- [Requirement]: What is needed is a copy of each line in the listing below that contains "from".

- [Entries supplied]:

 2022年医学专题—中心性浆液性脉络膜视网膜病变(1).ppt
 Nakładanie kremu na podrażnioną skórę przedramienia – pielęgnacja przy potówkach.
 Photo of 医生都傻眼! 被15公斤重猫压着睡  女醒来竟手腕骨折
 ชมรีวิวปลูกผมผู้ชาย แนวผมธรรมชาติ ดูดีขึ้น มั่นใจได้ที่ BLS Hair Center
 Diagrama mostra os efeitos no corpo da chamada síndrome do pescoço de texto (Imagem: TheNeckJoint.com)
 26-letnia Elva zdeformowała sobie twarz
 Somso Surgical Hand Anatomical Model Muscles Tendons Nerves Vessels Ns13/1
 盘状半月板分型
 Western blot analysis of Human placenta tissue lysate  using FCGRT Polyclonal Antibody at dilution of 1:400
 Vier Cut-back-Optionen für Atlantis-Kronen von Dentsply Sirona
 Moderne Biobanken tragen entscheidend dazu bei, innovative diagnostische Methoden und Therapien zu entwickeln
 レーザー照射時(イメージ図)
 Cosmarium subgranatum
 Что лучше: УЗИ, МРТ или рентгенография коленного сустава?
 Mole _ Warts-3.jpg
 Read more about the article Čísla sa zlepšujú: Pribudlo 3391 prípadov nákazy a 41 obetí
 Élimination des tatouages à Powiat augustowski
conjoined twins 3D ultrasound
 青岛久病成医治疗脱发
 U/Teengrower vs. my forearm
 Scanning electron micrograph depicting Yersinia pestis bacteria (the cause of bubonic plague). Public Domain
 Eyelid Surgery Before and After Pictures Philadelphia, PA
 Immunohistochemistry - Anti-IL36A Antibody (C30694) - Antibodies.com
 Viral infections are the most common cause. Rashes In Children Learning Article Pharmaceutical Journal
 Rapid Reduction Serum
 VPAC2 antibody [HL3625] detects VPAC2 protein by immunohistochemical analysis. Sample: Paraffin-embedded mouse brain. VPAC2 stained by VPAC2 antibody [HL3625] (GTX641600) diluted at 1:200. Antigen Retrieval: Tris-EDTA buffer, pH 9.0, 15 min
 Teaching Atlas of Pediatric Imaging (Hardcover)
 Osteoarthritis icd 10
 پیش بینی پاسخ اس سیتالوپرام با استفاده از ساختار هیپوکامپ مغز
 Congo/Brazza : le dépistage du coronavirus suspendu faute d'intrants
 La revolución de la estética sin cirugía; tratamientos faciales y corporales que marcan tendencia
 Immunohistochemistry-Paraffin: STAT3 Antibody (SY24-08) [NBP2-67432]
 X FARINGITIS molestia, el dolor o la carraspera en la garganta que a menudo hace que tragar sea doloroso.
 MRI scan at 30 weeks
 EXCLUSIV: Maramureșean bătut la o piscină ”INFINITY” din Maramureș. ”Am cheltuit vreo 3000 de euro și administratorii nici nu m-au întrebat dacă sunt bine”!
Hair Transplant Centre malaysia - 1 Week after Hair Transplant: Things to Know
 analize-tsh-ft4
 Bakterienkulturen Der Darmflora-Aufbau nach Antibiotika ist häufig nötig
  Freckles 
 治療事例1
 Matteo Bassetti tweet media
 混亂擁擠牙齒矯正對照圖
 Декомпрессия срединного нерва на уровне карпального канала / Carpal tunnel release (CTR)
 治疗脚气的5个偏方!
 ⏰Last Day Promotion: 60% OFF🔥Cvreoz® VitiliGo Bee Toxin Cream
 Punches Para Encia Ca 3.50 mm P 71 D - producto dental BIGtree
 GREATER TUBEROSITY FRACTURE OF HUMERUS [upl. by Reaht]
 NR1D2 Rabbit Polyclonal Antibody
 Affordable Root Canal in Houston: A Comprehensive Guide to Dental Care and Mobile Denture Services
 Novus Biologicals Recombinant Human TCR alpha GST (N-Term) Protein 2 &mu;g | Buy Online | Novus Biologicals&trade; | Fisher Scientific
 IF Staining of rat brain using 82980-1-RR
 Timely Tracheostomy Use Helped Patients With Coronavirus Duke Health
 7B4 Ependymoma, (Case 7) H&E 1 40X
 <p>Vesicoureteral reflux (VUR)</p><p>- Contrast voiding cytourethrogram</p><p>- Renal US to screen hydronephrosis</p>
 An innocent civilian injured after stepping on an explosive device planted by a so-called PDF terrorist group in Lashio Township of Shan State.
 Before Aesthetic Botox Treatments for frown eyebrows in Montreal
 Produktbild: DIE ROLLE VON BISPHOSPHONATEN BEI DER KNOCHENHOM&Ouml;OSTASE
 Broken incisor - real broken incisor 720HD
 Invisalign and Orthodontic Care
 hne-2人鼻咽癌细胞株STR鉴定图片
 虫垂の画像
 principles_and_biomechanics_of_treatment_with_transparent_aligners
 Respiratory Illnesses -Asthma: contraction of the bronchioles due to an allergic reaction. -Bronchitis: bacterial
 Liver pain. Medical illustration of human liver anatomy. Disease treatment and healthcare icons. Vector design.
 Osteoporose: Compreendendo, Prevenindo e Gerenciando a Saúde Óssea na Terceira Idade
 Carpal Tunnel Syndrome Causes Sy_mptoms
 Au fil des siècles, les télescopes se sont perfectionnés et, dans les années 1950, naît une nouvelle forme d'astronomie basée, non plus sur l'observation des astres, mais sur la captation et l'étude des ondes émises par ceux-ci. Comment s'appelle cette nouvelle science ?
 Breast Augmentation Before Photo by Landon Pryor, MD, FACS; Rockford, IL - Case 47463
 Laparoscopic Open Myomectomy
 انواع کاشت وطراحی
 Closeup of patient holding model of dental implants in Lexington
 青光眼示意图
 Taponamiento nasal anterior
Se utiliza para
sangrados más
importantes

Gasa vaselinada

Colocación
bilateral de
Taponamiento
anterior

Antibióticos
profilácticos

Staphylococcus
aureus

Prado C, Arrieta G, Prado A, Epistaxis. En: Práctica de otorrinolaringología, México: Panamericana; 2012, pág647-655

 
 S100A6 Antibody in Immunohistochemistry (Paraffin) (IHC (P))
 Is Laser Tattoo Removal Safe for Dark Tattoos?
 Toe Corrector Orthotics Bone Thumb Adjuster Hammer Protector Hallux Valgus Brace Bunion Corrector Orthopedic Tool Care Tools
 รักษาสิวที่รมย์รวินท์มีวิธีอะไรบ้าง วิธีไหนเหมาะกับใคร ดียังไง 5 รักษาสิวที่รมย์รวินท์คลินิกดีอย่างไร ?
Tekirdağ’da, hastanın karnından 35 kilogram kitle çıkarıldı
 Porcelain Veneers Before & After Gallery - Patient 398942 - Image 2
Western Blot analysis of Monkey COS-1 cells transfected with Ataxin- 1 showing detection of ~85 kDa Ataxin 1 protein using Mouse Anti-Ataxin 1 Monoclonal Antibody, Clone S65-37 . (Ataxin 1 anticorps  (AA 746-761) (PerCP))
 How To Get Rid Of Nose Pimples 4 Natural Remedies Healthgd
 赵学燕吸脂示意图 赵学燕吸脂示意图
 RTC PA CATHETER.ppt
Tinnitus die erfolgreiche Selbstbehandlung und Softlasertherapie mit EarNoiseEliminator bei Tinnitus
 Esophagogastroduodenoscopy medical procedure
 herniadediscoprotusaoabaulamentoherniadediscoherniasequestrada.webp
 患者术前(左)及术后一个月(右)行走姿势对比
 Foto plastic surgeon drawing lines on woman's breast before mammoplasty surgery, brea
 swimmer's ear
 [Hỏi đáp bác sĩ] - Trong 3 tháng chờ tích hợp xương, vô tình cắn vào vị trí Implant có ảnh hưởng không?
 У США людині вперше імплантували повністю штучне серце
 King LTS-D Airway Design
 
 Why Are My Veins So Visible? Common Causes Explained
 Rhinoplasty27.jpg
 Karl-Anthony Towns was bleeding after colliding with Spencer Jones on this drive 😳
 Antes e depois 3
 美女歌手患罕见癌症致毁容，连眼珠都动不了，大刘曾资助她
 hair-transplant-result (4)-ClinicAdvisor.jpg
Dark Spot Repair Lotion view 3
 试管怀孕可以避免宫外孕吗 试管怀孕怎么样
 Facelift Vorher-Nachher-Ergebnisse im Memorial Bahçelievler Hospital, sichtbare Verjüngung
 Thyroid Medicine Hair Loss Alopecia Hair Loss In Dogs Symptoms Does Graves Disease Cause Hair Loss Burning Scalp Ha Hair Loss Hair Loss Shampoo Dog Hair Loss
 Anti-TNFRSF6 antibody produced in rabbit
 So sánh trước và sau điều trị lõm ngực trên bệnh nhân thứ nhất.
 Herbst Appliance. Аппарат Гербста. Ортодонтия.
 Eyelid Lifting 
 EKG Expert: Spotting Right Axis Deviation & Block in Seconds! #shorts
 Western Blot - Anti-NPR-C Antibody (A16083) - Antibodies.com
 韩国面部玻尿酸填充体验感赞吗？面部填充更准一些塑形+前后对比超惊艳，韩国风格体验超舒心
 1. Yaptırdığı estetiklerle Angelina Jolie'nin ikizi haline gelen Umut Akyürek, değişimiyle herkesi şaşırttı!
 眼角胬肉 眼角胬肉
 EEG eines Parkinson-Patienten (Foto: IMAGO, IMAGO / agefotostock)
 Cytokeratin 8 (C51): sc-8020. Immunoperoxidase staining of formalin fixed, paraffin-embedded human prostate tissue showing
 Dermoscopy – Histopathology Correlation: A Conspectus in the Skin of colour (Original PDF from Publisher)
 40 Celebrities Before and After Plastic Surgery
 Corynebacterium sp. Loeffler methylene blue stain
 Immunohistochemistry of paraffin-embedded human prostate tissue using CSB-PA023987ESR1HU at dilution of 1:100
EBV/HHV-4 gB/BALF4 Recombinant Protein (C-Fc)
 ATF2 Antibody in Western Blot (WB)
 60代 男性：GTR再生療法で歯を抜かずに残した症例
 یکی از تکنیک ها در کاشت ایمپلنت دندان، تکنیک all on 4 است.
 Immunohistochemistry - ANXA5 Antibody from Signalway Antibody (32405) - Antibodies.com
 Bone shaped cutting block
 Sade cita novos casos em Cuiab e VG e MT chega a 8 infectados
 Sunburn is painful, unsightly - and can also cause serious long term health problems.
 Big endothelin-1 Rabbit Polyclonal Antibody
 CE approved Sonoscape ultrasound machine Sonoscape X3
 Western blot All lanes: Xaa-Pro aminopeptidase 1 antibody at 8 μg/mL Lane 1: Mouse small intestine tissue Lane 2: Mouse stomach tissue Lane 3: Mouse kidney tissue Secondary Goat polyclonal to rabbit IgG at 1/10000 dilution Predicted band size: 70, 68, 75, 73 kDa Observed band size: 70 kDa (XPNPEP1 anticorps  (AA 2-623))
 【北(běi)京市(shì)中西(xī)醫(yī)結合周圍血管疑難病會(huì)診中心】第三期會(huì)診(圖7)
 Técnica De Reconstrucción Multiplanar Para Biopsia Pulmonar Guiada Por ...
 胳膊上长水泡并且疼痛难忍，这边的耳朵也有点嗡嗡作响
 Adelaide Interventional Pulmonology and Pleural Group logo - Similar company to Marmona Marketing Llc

- [Output]:
 Dermoscopy – Histopathology Correlation: A Conspectus in the Skin of colour (Original PDF from Publisher)
 Immunohistochemistry - ANXA5 Antibody from Signalway Antibody (32405) - Antibodies.com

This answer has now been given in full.